Speakers Bio: Vipin Kumar is a Regents Professor and holds William Norris Chair in the department of Computer Science and Engineering at the University of Minnesota. His research spans data mining, high-performance computing, and their applications in Climate/Ecosystems and health care. His research has resulted in the development of the concept of isoefficiency metric for evaluating the scalability of parallel algorithms, as well as highly efficient parallel algorithms and software for sparse matrix factorization (PSPASES) and graph partitioning (METIS, ParMetis, hMetis). He has authored over 400 research articles, and co-edited or coauthored 11 books including two widely used text books ``Introduction to Parallel Computing", "Introduction to Data Mining", and a recent edited collection, “Knowledge Guided Machine Learning”. Kumar's current major research focus is on knowledge-guided machine learning and its applications to understanding the impact of human induced changes on the Earth and its environment.. Kumar’s research on this topic has been funded by NSF’s AI Instititues, BIGDATA, INFEWS, STC, GCR, and HDR programs, as well as ARPA-E, DARPA, and USGS. He also served as the Lead PI of a 5-year, $10 Million project, "Understanding Climate Change - A Data Driven Approach", funded by the NSF's Expeditions in Computing program (2010-2015).
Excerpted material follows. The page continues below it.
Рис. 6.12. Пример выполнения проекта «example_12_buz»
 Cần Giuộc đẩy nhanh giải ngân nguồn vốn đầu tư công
Kumar is a Fellow of the AAAI, ACM, IEEE, AAAS, and SIAM. Kumar's foundational research in data mining and high performance computing has been honored by the ACM SIGKDD 2012 Innovation Award, which is the highest award for technical excellence in the field of Knowledge Discovery and Data Mining (KDD), the 2016 IEEE Computer Society Sidney Fernbach Award, one of IEEE Computer Society's highest awards in high performance computing, and Test-of-time award from 2021 Supercomputing conference (SC21).

Xin Luna Dong

Meta Reality Labs

Where Are We in the Journey to A Knowledgeable Assistant?

Abstract: For decades, multiple communities (Database, Information Retrieval, Natural Language Processing, Data Mining, AI) have pursued the mission of providing the right information at the right time. Efforts span web search, data integration, knowledge graphs, question answering. Recent advancements in Large Language Models (LLMs) have demonstrated remarkable capabilities in comprehending and generating human language, revolutionizing techniques in every front. However, their inherent limitations such as factual inaccuracies and hallucinations make LLMs less suitable for creating knowledgeable and trustworthy assistants.